Sunday, June 7, 2015


It is rare for tenor saxophonist Ivo Perelman to go a long stretch without releasing an album. From 2010 to 2013, for example, Perelman put out a whopping 20 albums. In 2014, he took a break because of health issues, but this year he made up for lost time by putting out three albums simultaneously "Callas", "Counterpoint," and "Tenor Hood". Each is free-jazz jewels. If your budget only allow you to purchase one, I’d go with Tenor Hood. Perelman teamed with drummer Whit Dickey. Both musicians are alumni of pianist Matthew Shipp’s band. For this studio date, Perelman channeled the ghosts of his ancestors Ben Webster, John Coltrane, Hank Mobley, and Sonny Rollins who is still alive and blowing. Perelman and Dickey made the compositions off-the-cuff, and the titles are the aforementioned saxophonist’s surnames. Jazz purists heavily into the various branches of bop may want to take a sick day because Perelman made "Tenor Hood" it seems for free-jazz purists. Perelman and Dickey wailed like hell while the ghosts of Webster, Coltrane, and Mobley cheered them on.

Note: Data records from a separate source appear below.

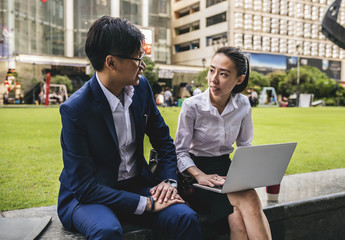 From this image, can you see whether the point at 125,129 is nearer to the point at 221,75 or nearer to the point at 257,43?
the point at 221,75

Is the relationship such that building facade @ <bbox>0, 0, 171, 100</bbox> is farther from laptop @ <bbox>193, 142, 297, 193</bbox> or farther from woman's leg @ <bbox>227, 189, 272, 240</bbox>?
woman's leg @ <bbox>227, 189, 272, 240</bbox>

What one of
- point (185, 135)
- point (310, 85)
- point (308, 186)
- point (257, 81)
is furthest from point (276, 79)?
point (185, 135)

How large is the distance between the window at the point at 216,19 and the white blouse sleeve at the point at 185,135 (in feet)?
179

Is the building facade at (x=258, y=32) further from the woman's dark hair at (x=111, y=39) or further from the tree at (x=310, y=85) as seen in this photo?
the woman's dark hair at (x=111, y=39)

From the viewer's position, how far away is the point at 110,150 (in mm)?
2037

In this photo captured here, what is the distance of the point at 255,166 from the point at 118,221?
83 centimetres

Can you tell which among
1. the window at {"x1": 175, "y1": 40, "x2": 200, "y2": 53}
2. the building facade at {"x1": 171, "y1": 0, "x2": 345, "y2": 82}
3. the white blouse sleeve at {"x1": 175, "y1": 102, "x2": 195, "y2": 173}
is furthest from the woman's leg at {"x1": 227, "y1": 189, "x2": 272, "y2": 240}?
the window at {"x1": 175, "y1": 40, "x2": 200, "y2": 53}

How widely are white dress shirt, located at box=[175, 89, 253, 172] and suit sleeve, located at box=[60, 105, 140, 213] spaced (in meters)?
0.72

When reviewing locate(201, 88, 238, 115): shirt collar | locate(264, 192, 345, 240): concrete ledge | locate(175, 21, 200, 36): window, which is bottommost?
locate(264, 192, 345, 240): concrete ledge

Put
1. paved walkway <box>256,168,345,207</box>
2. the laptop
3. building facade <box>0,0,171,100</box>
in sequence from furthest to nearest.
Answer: building facade <box>0,0,171,100</box> < paved walkway <box>256,168,345,207</box> < the laptop

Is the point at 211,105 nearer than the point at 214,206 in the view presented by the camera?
No

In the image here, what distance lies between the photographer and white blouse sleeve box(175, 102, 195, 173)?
102 inches

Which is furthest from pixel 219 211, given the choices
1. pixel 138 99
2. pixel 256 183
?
pixel 138 99

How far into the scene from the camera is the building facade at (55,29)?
41.1m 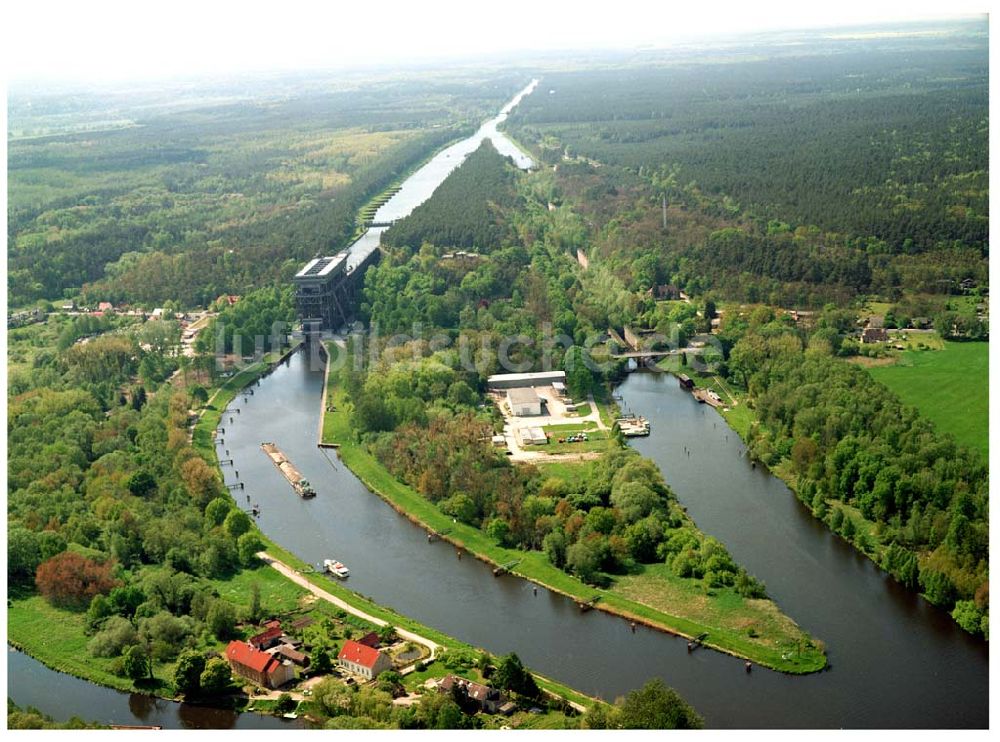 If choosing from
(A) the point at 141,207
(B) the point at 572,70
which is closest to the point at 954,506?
(A) the point at 141,207

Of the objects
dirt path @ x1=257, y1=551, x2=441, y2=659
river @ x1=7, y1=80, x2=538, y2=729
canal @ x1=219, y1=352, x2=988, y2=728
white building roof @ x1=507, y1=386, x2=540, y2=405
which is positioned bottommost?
canal @ x1=219, y1=352, x2=988, y2=728

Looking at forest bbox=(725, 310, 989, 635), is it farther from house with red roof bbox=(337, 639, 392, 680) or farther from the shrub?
the shrub

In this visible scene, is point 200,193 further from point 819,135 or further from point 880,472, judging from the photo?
point 880,472

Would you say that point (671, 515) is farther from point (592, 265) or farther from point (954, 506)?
point (592, 265)

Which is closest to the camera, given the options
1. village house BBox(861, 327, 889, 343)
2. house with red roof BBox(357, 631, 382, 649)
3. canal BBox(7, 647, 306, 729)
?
canal BBox(7, 647, 306, 729)

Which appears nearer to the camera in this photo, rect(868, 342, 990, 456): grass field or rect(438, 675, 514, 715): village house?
rect(438, 675, 514, 715): village house

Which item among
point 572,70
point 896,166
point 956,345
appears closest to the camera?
point 956,345

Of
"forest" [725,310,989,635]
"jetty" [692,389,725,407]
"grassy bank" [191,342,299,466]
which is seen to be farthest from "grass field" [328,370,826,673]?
"jetty" [692,389,725,407] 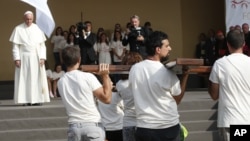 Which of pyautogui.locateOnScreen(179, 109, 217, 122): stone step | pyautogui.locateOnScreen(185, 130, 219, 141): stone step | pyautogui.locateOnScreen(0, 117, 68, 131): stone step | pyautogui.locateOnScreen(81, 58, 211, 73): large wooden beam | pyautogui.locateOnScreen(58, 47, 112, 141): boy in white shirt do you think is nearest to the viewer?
pyautogui.locateOnScreen(81, 58, 211, 73): large wooden beam

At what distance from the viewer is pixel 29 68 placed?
12.0 metres

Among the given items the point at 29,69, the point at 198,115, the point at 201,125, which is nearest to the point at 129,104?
the point at 201,125

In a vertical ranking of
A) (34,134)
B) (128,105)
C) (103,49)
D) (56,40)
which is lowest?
(34,134)

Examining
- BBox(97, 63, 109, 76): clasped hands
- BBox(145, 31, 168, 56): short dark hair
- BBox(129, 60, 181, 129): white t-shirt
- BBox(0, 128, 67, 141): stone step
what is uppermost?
BBox(145, 31, 168, 56): short dark hair

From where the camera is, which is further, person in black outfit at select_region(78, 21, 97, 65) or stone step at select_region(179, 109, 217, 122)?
person in black outfit at select_region(78, 21, 97, 65)

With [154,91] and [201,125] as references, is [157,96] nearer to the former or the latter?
[154,91]

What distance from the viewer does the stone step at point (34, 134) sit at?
10.8 meters

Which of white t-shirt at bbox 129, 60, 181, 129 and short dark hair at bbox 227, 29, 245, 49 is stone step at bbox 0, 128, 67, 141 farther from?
short dark hair at bbox 227, 29, 245, 49

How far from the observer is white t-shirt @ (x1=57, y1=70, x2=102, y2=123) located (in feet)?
18.7

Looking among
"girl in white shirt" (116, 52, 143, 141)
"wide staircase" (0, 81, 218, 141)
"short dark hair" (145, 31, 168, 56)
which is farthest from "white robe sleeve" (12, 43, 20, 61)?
"short dark hair" (145, 31, 168, 56)

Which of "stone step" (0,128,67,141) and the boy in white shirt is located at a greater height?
the boy in white shirt

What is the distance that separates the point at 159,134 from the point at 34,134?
5782 mm

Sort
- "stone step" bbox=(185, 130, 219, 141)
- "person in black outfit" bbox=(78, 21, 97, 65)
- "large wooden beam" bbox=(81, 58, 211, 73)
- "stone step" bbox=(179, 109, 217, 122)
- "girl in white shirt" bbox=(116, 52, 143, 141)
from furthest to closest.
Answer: "person in black outfit" bbox=(78, 21, 97, 65) → "stone step" bbox=(179, 109, 217, 122) → "stone step" bbox=(185, 130, 219, 141) → "girl in white shirt" bbox=(116, 52, 143, 141) → "large wooden beam" bbox=(81, 58, 211, 73)

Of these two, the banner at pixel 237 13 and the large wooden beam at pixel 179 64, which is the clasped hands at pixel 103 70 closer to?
the large wooden beam at pixel 179 64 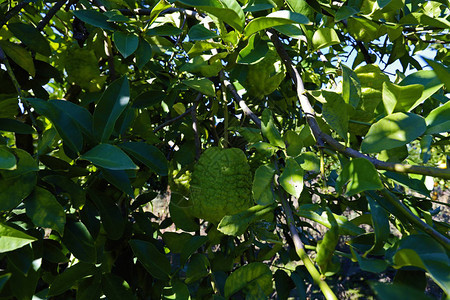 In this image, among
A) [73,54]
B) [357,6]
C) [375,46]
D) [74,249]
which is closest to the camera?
[74,249]

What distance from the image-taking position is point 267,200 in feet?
1.67

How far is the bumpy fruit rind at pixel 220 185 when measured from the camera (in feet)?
2.14

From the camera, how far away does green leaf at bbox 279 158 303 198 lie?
1.64 ft

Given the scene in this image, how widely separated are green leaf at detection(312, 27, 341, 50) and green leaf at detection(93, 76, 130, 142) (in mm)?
330

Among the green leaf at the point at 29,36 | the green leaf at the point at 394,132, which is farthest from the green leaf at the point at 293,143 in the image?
the green leaf at the point at 29,36

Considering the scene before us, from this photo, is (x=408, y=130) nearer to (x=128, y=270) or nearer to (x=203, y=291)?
(x=203, y=291)

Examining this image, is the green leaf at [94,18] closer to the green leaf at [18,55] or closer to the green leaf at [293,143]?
the green leaf at [18,55]

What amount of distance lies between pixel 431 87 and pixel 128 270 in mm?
714

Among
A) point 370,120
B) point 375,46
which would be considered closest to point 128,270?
point 370,120

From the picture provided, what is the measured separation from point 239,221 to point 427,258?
0.24 metres

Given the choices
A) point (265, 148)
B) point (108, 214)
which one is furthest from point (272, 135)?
point (108, 214)

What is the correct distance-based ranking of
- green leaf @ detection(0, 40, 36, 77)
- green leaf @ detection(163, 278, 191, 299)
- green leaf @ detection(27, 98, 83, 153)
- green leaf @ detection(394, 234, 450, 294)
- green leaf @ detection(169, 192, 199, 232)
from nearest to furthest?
green leaf @ detection(394, 234, 450, 294) < green leaf @ detection(27, 98, 83, 153) < green leaf @ detection(163, 278, 191, 299) < green leaf @ detection(169, 192, 199, 232) < green leaf @ detection(0, 40, 36, 77)

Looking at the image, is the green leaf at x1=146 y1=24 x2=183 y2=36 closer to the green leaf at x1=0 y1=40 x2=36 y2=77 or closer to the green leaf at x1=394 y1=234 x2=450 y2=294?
the green leaf at x1=0 y1=40 x2=36 y2=77

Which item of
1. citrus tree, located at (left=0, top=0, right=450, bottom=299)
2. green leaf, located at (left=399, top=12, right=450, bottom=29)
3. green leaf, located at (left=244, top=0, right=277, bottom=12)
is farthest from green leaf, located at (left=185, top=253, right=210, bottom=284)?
green leaf, located at (left=399, top=12, right=450, bottom=29) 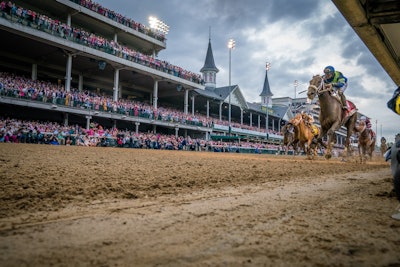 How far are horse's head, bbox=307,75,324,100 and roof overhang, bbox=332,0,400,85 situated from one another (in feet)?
13.5

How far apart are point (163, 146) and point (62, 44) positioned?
43.4 feet

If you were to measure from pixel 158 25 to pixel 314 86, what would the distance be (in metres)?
34.3

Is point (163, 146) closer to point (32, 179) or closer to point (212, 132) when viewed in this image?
point (212, 132)

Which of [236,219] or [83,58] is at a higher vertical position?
[83,58]

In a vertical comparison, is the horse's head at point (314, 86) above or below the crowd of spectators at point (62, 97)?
below

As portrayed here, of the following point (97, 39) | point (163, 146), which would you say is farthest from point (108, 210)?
point (97, 39)

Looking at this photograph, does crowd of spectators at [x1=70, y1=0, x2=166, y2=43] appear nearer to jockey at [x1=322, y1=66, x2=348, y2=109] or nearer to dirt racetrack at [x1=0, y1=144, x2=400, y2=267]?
jockey at [x1=322, y1=66, x2=348, y2=109]

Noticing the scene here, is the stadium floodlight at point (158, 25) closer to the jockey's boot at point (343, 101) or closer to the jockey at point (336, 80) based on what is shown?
the jockey at point (336, 80)

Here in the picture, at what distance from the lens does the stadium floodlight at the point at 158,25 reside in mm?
38147

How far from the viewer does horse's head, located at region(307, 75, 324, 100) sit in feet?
32.3

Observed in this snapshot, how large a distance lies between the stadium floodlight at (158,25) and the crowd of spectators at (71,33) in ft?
26.5

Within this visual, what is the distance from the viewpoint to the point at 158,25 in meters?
38.9

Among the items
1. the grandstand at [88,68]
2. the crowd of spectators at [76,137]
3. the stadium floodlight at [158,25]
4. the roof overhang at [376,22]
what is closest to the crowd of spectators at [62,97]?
the grandstand at [88,68]

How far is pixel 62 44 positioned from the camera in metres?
23.4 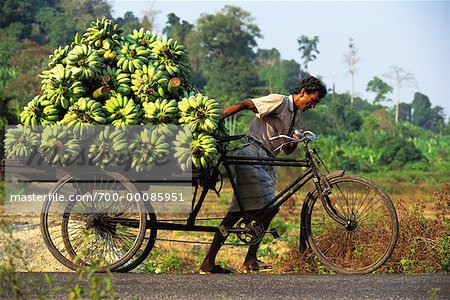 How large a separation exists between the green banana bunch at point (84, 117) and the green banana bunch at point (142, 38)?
0.78 metres

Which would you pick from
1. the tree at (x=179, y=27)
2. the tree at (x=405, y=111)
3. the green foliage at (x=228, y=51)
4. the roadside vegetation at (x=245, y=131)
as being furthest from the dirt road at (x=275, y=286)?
the tree at (x=405, y=111)

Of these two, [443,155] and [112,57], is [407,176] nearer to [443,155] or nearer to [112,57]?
[443,155]

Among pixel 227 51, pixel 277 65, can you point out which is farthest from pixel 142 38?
pixel 277 65

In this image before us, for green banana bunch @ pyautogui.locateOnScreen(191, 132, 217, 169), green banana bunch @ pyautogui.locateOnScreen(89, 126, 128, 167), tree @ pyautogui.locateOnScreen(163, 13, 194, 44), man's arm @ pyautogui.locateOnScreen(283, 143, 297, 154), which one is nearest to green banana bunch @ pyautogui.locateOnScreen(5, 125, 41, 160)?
green banana bunch @ pyautogui.locateOnScreen(89, 126, 128, 167)

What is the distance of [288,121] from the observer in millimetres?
7020

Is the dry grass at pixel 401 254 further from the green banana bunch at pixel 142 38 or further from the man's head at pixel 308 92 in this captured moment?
the green banana bunch at pixel 142 38

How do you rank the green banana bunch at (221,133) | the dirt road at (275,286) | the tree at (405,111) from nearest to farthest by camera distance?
the dirt road at (275,286), the green banana bunch at (221,133), the tree at (405,111)

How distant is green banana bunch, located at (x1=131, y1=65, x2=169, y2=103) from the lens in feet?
21.8

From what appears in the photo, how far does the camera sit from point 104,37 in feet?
22.8

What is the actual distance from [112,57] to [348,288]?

Californian Tiffany Austin is an authentic go-getter. The vocalist earned a degree in creative writing, sang professionally in Japan for five years, returned stateside earned a Juris Doctorate at the University of California Berkeley’s Boalt School of Law, and became a vocalist of note on the West Coast. Austin passed on a potentially lucrative career in law to sing. Man, Austin can really sing. Get this, she started Con Alma Music and released her debut "Nothing But Soul" June 2ndThe album is mostly an homage to Hoagy Carmichael. Six of the nine songs on it are his. "Nothing But Soul" won’t have to grow on you. You’ll be hooked after the initial listen. The boldest numbers on the album are "I Get Along Without You," and "Georgia". On the former, Austin sent three members of her band -- saxophonist Howard Wiley, bassist Ron Belcher, and drummer Sly Randolph -- on a Starbucks run while she performed a duet with pianist Glen Pearson. Austin’s version of "Georgia" would make Ray Charles blush if he were still alive.